To do:
Below is a listing with pictures in it; transcribe exactly the lines from the one that has "LONDON IN 15" through the one that has "Prova su strada", and omit those pictures.

Data records:
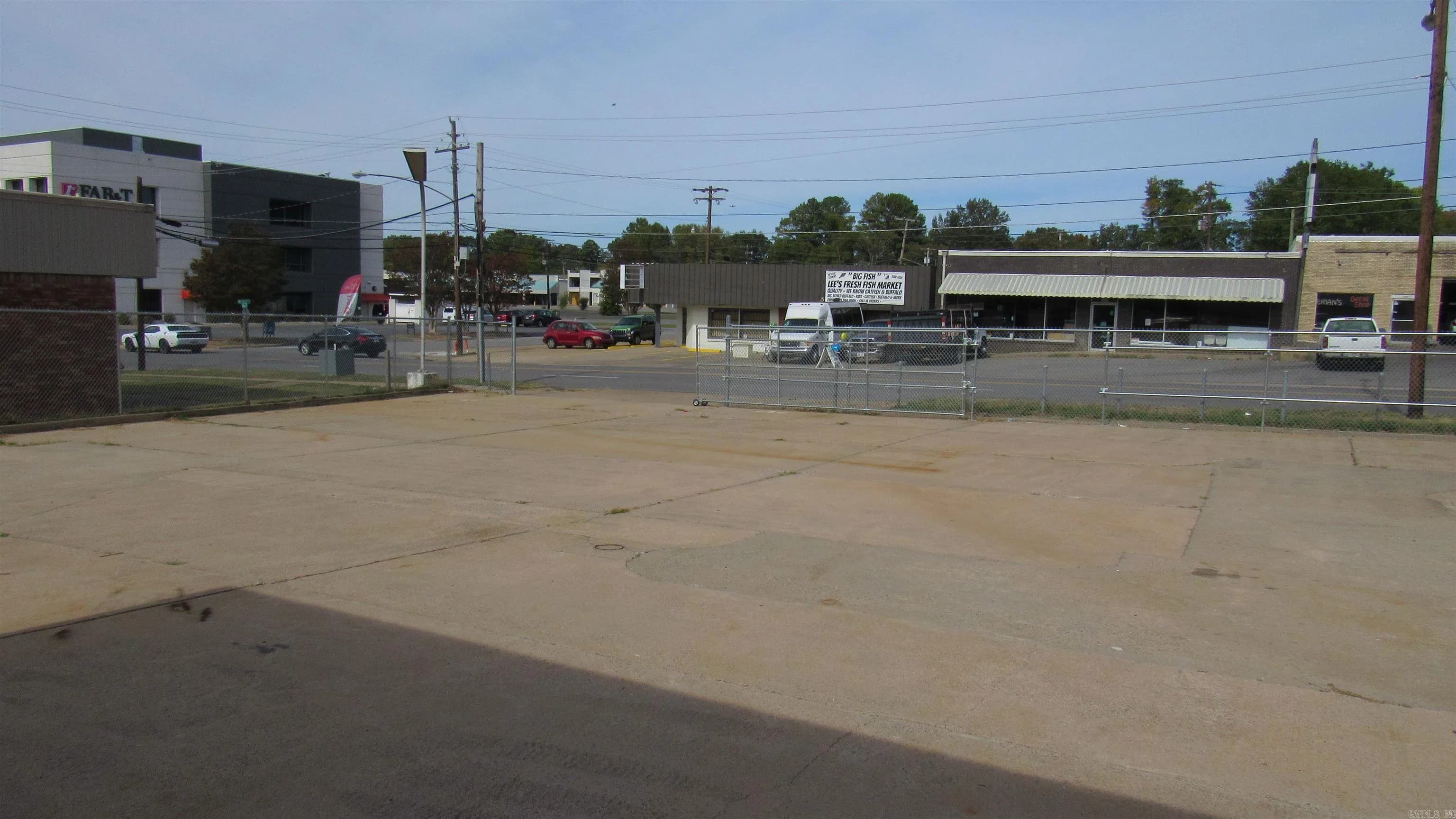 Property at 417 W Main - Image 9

--

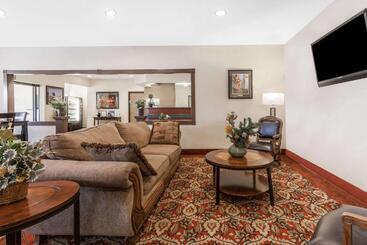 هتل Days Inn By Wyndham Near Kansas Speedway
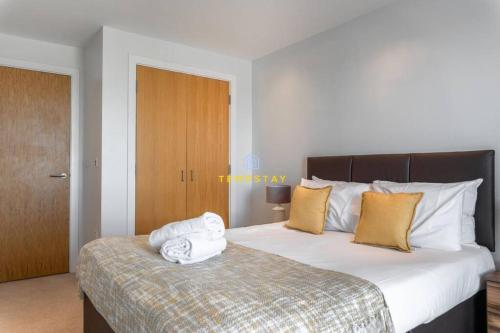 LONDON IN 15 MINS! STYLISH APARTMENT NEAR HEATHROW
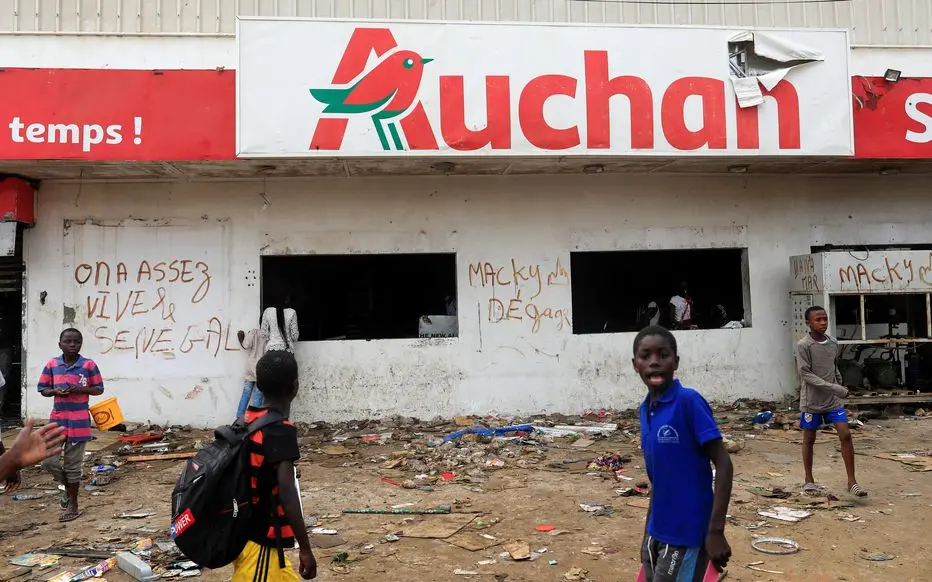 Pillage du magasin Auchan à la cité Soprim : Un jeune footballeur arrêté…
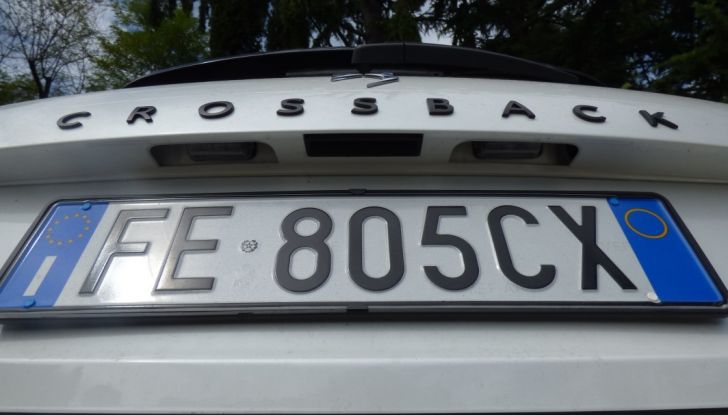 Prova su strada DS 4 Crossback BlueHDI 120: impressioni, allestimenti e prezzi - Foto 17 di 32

Reply to the exercise:
 LONDON IN 15 MINS! STYLISH APARTMENT NEAR HEATHROW
 Pillage du magasin Auchan à la cité Soprim : Un jeune footballeur arrêté…
 Prova su strada DS 4 Crossback BlueHDI 120: impressioni, allestimenti e prezzi - Foto 17 di 32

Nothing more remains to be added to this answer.